EXERCISE :: An exact copy is required of the lines running from the one that contains "Lot 305 - Three" to the end of the material, both ends included, with pictures omitted.

GIVEN DATA ::

┄┄┄┄┄┄┄┄┄┄┄┄┄┄┄┄┄┄┄┄

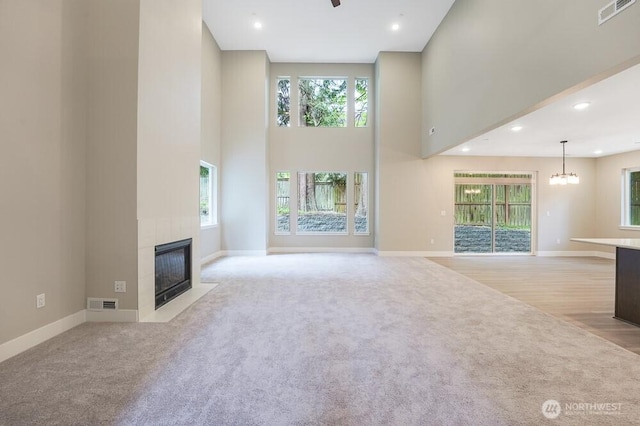 unfurnished living room with a towering ceiling, light carpet, a fireplace, baseboards, and recessed lighting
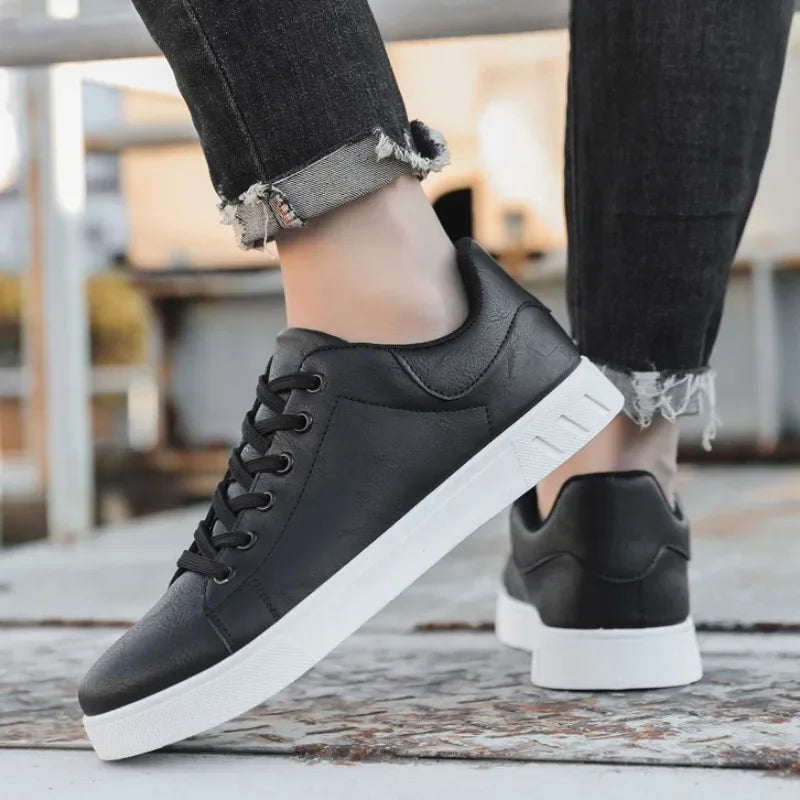 Black leather lace-up low-top sneakers with white sole, worn with distressed gray jeans, casual men's style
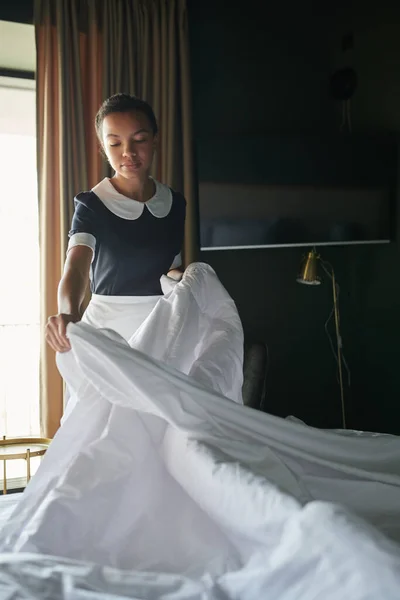 Junges Zimmermädchen Uniform Steht Neben Doppelbett Hotelzimmer Und Wechselt Decke — Stockfoto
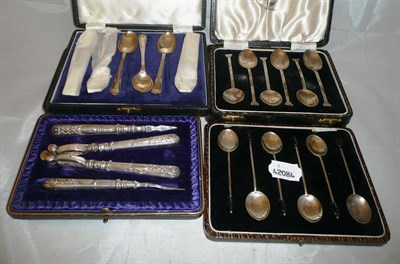 Lot 305 - Three cased sets of tea and coffee spoons, and a cased set of nutcrackers and picks (4)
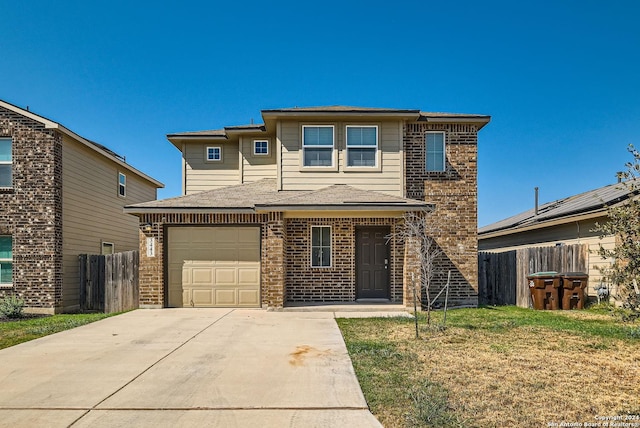 view of front of home with driveway, an attached garage, fence, brick siding, and a front lawn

┄┄┄┄┄┄┄┄┄┄┄┄┄┄┄┄┄┄┄┄

SOLUTION TO THE PROBLEM ::
 Lot 305 - Three cased sets of tea and coffee spoons, and a cased set of nutcrackers and picks (4)
 view of front of home with driveway, an attached garage, fence, brick siding, and a front lawn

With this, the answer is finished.